It isn't bad chum - hard to say in current weather conditions as I can't keep anything clean for more than about a day tbh. In fairness though, nothing really lasts this time of year as it very quickly get a covered in crud. I always reapply after a wash. In summer it easily would last about a week, although I usually wash the cars twice a week lol. 

The glitz is great stuff in that it completely dries into the rubber while maintaining a really nice shine. Can be layered too. Zaino z16 is good but a little runny for my liking and the Perl is something similar. Perl can be diluted depending on what you're dressing. 

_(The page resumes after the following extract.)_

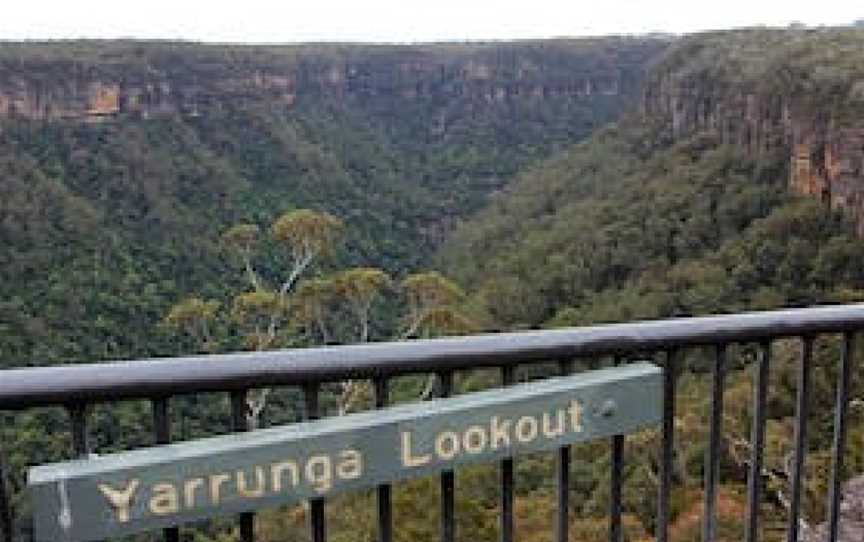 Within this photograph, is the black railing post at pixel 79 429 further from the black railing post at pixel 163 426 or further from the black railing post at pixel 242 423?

If I had huge tyres I'd definitely go for the High Style bud. It's the most cost effective. 

Cooks


----------



## FallenAngel (Oct 24, 2015)

I use Car pro PERL. Great finish, dilutable (I use it 1:1 on the tires, 1:5 on exterior trim and 1:10 in interior), and it will last a good week on the tires and it wont sling at all.


----------



## Bristle Hound (May 31, 2009)

james_death said:


> Belated... But Welcome to the Forum...
> 
> There is also the old Carplan Tyre Slick... That is simply spray on and walk away.


^ This :thumb:

http://www.autoexpress.co.uk/accessories-tyres/90998/best-tyre-shine-2015
http://www.eurocarparts.com/ecp/p//...rior-cleaning/tyre-shine/?553772260&0&cc5_110


----------



## VXR_midlands (Sep 24, 2015)

I use autoglym. Pretty average I reckon looks good for a few days...


----------



## Chris221273 (Aug 16, 2015)

Cy-Zuki said:


> Chris221273 - does this stay on the tyre or do you get any sprayoff after application? I have never heard of this Trafalgar product.
> 
> Anyone else use it?


Once applied I gently wipe over with a microfibre cloth to take any excess off, and job done, no spray up the side of the vehicle, and it will last weeks, not days!!!
Honestly, I have no affiliation to these people, but I'd never use anything else.
And it can be used on plastic trims too, and follow the same rules, but apply with a cloth, then dry off with a microfibre cloth.


----------



## Cookies (Dec 10, 2008)

Don't spray it on. Please. Don't. 

Cooks


----------